Jeanine testified she would have used a handicap accessible machine had they been available at the Casino, but referred to the machine as her favorite. She later indicated that the cause of her fall was the swiveling of the stool that she grabbed. Tyrone Sanders, former security guard for the Casino, who had filled out the Incident Report, wrote that Jeanine said “she tripped and fell from one of the chairs.”
Charles testified that Jeanine mentioned that the man sitting next to her told her to be careful, that “these chairs swivel.” In reviewing the videotape of the incident, he further testified that it looked as if his wife put her purse onto one of the swivel chairs, then put her hand on the back of the chair and then fell. However, he also testified that he and his wife went to the Casino once a month for the ten years prior to this incident and that about a year before the accident the couple went to the Casino twice a month. He explained that Jeanine would play the slot machines and they would stay five hours. He stated she also had a favorite chair which happened to be the same chair involved in the incident.

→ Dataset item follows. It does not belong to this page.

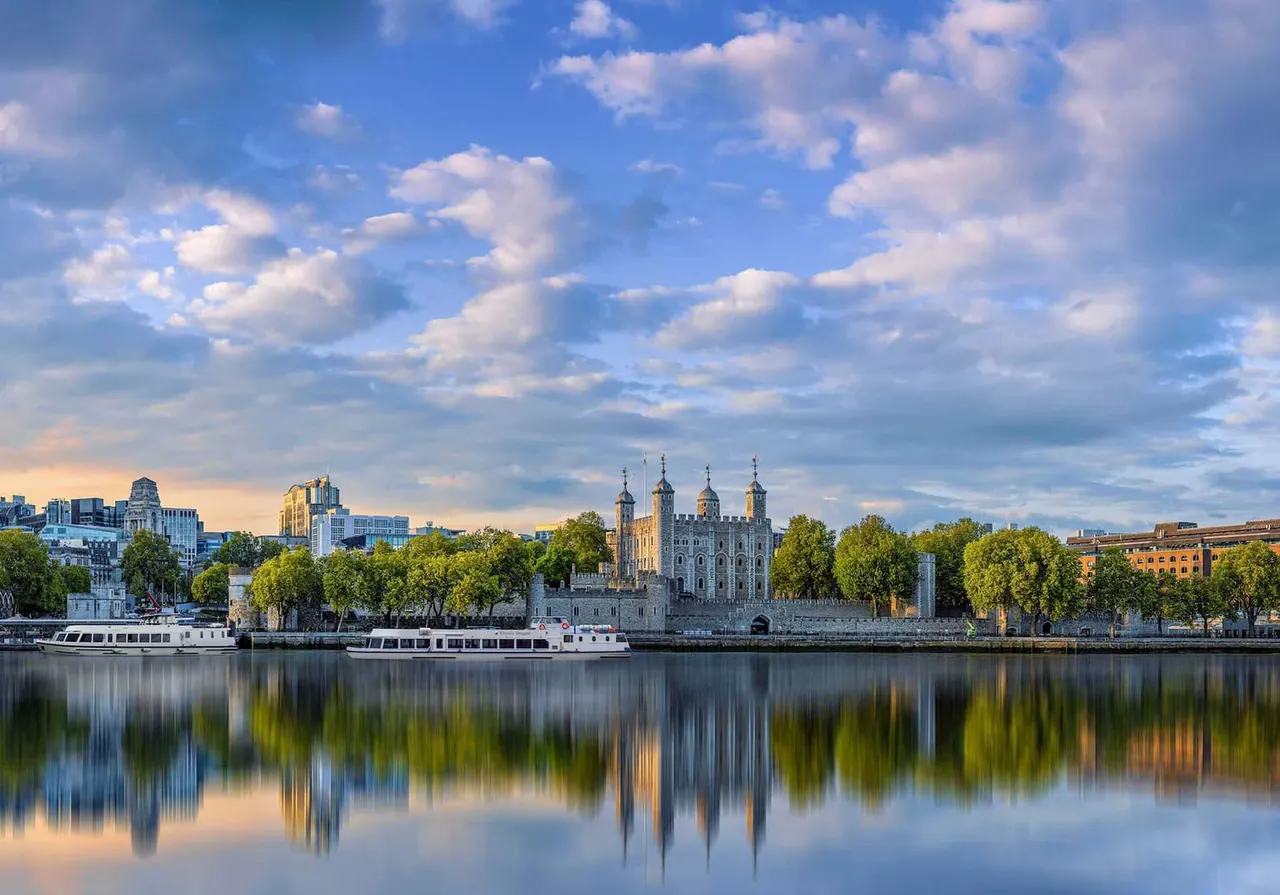 Tower of London and surrounding cityscape reflected in calm Thames river waters under blue sky with clouds.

The Court noted that there was no duty to protect or warn against an open and obvious condition which, as a matter of law, was not inherently dangerous. The Court found, based on the facts of the case, that there was no duty to inform or warn Jeanine of the open and obvious condition of a swivel chair not bolted to the ground that she herself has used for over a decade without incident to her. A swivel chair in itself was not inherently dangerous. She was well aware of what chairs the Casino had and the foreseeable risk of falling, when she leaned against the swivel chair. The evidence was clear and undisputed.
The Casino’s motion for summary judgment dismissing the complaint was granted.